The problem: Report each line of the data that has "White" somewhere in it.

>>>

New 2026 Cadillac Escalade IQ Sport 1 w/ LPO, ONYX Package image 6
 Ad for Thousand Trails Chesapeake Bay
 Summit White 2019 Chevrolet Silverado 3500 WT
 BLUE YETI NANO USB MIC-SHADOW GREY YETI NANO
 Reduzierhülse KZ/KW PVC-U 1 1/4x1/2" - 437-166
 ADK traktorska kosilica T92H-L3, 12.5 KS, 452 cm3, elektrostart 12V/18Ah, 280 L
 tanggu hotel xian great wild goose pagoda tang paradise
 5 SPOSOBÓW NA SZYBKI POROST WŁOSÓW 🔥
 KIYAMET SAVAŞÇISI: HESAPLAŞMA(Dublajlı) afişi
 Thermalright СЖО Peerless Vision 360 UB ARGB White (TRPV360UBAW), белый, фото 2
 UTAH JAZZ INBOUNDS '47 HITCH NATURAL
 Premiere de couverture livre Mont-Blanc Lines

<<<

Worked solution:
 Summit White 2019 Chevrolet Silverado 3500 WT
 Thermalright СЖО Peerless Vision 360 UB ARGB White (TRPV360UBAW), белый, фото 2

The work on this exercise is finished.